Some people inherit a beautiful mansion in the South of France while others, (unfortunately including myself) inherit poor blood circulation from their progenitors. From the moment we open our eyes - Hello, World! - all we do is absorb our parents’ actions, their entire way of being. At some point (definitely around adolescence) we have a clear, exhaustive checklist of our parents' weaknesses, what we never want to become. But, I wonder: are all those weaknesses handed down to the next generations? How on Earth do we break the genetic loop to save humanity from inherited flaws? Are we all destined or doomed to become our parents?
This weekend, my boyfriend’s mum and grandmother were visiting. They’re both women with strong convictions, you can rarely alter their perspective. My mother-in-law tried to convince her mother to get a more comfortable purse, a crossbody one. She’s quite the persistent type - a precious family heirloom. The funny thing is that the more she insisted (and, believe me, she insisted thoroughly) the more resistant her rival was. She encountered the exact same stubborness, forming a beautiful never-ending mother-daughter spiral, two mirrors facing each other.
I then asked myself how much of my parents I had in me. Sit tight. For starters, I’m quite the drama queen, I appreciate good taste and I’m disciplined, sometimes manipulative. My mum's legacy.

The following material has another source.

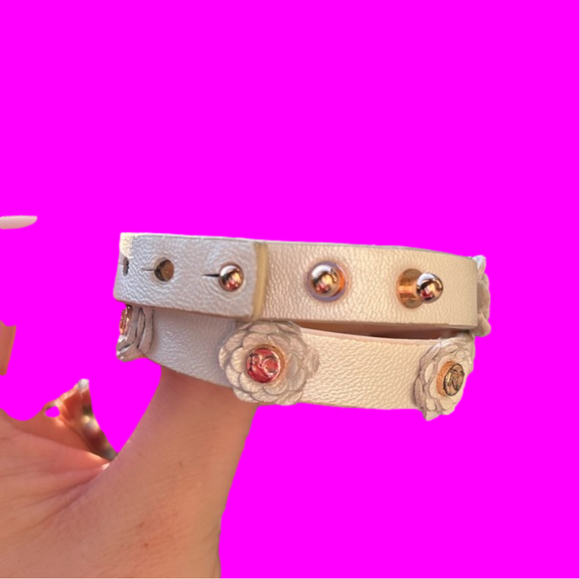 Rustic Cuff Meagen Double Wrap 3D Rose Gold white bracelet jewelry sorority - Picture 3 of 3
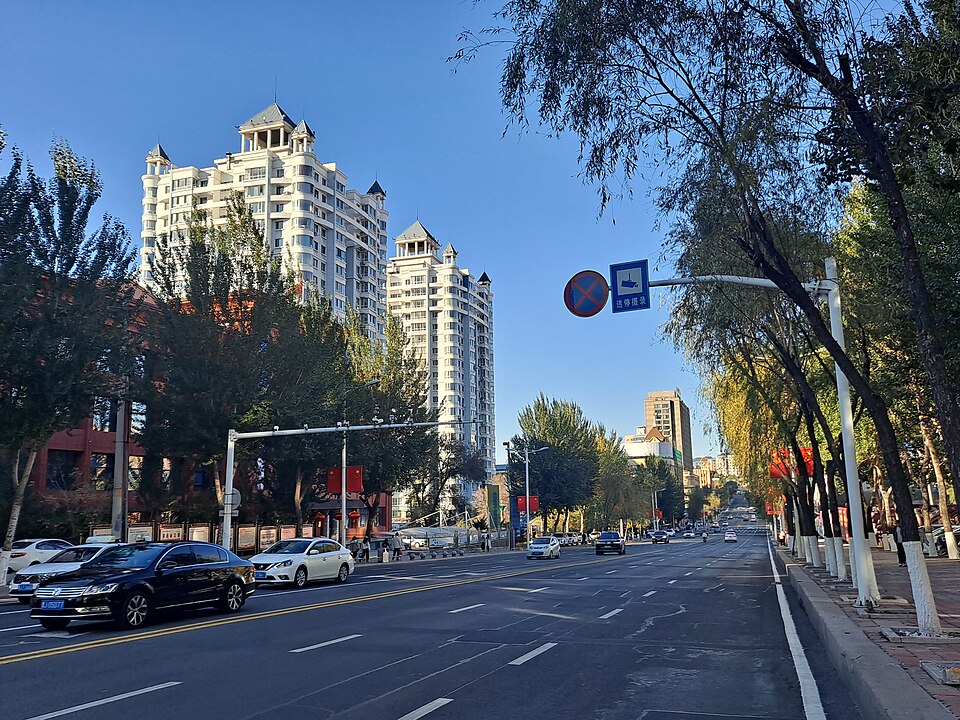 Apartment blocks and streets of Shuangyashan city in a valley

I’m quirky and creative, in need of attention, validation and approval 24/7. I love being the centre of attention. That can only come from my dad, the artist. As a bizarre result of a merge, there is some shared inheritance too. The ones who know me well will tell you I suffer too much about a bunch of things - my dog being unleashed, walking home alone, the police staring at me… but I do appreciate the random details that surround me, a bit like Amélie, a bit like Pollyanna. I owe that to both of my parents.
The Theory of Evolution says that if you’re alive today it can only mean one thing: you’re the fittest of the fittest. You might not be made of gold, but you’re definitely made by the genes who survived the most challenging stunts of the universe. So, inheritance aside, our parents (or the fossil version of them) must have done something legitimate if we’re standing here right now. That doesn’t mean they’re flawless but, at the very least, their flaws could be useful for survival. I know what you’re thinking: “how little did I know when I was a teenager and heard my mum yelling you’re going to be just like me someday”. Technically speaking, there are three different strategies to cope with our parents' ways (adjusting glasses): there’s the replicative script, when we repeat our parents’ behaviour. The corrective script, when we consciously choose to do things differently. And since our progenitors are no Wikipedia (or Vogue) there’s the improvised script, when we need to come up with a new behaviour out of necessity.
The truth is, we should praise our parents and ancestors (go thank them r.n.) as they provided us with the tools to unlock this game’s next level. The good traits will remain, the flaws will eventually turn into strengths. And how do I know that? I’ll leave you with this comforting evidence: even Darwin’s sideburns have evolved (thank God).